* DIRECTIONS:
The whole listing below, with no pictures, is to be repeated as it stands.

── GIVEN DATA ──

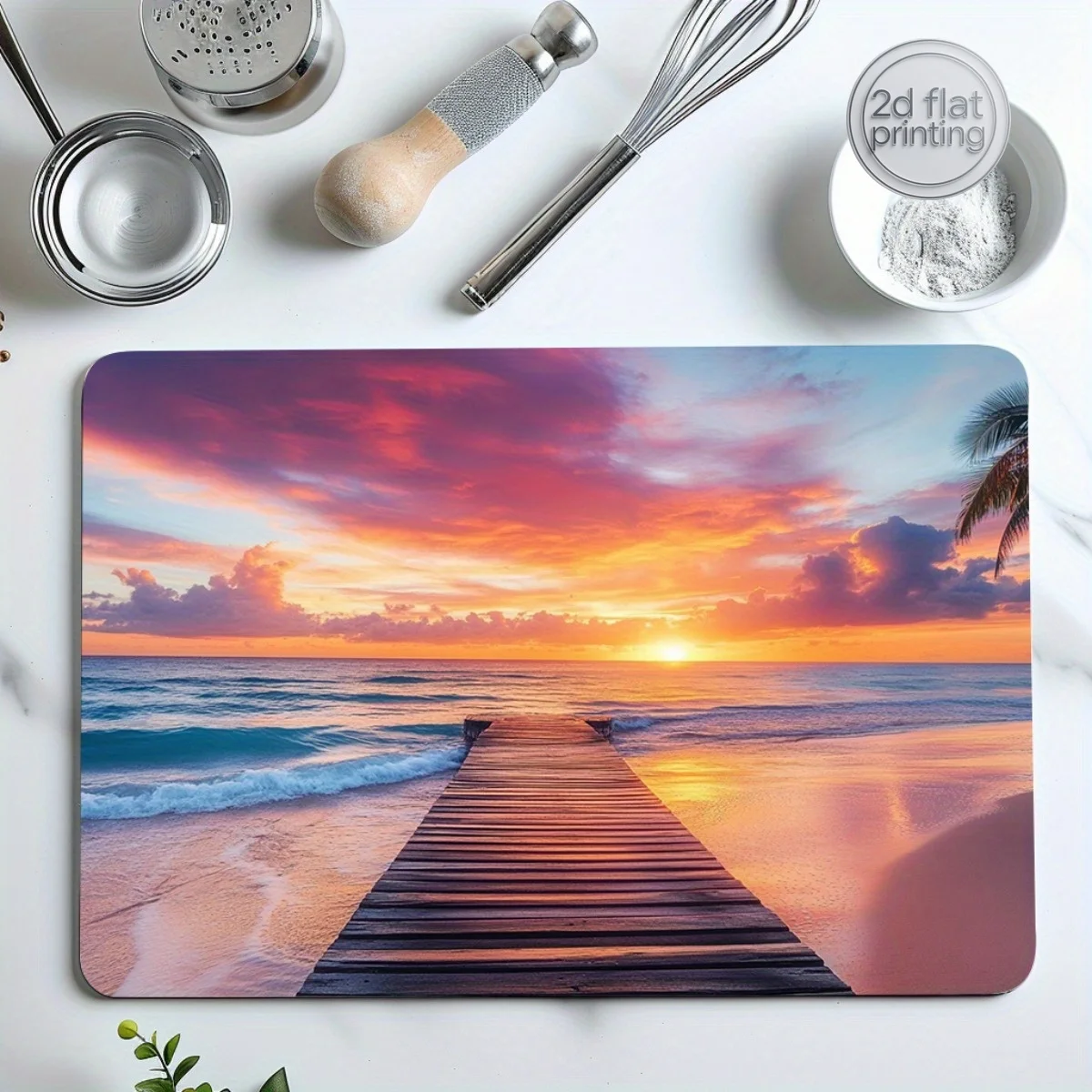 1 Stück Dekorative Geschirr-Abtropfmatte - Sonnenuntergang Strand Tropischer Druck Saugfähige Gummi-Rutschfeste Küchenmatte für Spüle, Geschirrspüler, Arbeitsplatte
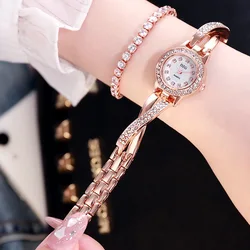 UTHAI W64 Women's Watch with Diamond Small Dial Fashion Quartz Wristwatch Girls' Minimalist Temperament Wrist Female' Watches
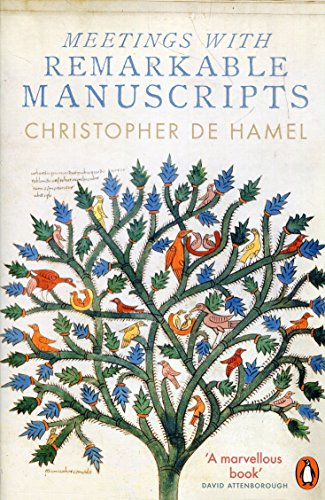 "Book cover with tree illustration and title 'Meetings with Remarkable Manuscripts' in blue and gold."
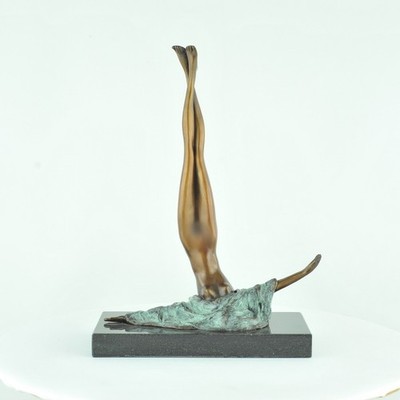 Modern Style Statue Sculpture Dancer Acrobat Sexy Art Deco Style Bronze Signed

───

* ANSWER SPACE:
 1 Stück Dekorative Geschirr-Abtropfmatte - Sonnenuntergang Strand Tropischer Druck Saugfähige Gummi-Rutschfeste Küchenmatte für Spüle, Geschirrspüler, Arbeitsplatte
 UTHAI W64 Women's Watch with Diamond Small Dial Fashion Quartz Wristwatch Girls' Minimalist Temperament Wrist Female' Watches
 "Book cover with tree illustration and title 'Meetings with Remarkable Manuscripts' in blue and gold."
 Modern Style Statue Sculpture Dancer Acrobat Sexy Art Deco Style Bronze Signed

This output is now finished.